All money is made up. The banks literally "lend" money into existence without having it backed by anything, the banks don't need to have the money in the first place, the bank reserve requirement has been dropped to 0% in 2020.
It’s true that all money is made up, but not in the same sense OP means.
Like I could give you 20 dollars and it’s made up in a sense, it’s just a piece of paper, but also you can go to the store and buy things with it.
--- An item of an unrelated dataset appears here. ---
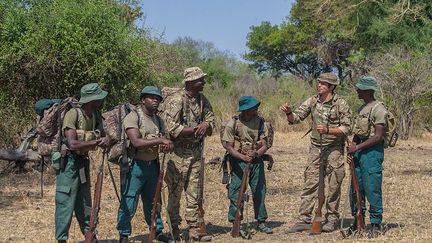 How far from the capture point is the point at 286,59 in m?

Whereas if you’re an investor in a company and the CEO does some self dealing which nominally values your shares at 20 million, you can’t go spend that. It’s even more made up
This is inaccurate. Reserve requirements are not the only cost that banks have to pay for the money they create. If bank A lends $20B, and the borrower spends it to buy something from someone with an account at bank B, bank B isn't going to accept $20B of "made-up" bank A money, it'll want $20B of central bank money from bank A. If bank A doesn't have that that $20B of central bank money, it'll have to borrow it from the central bank, at the cost of the reserve interest rate. Being able to transfer central bank money to bank B is essentially what backs the money that bank A created.
(in reality some of that $20B would probably make it back to bank A as money circulates, so the actual amount of reserve money that banks have to borrow depends on more complicated factors. This also doesn't talk about what happens if the borrower defaults. But the fundamental principle remains the same, and is what ultimately limits how much money a bank can lend).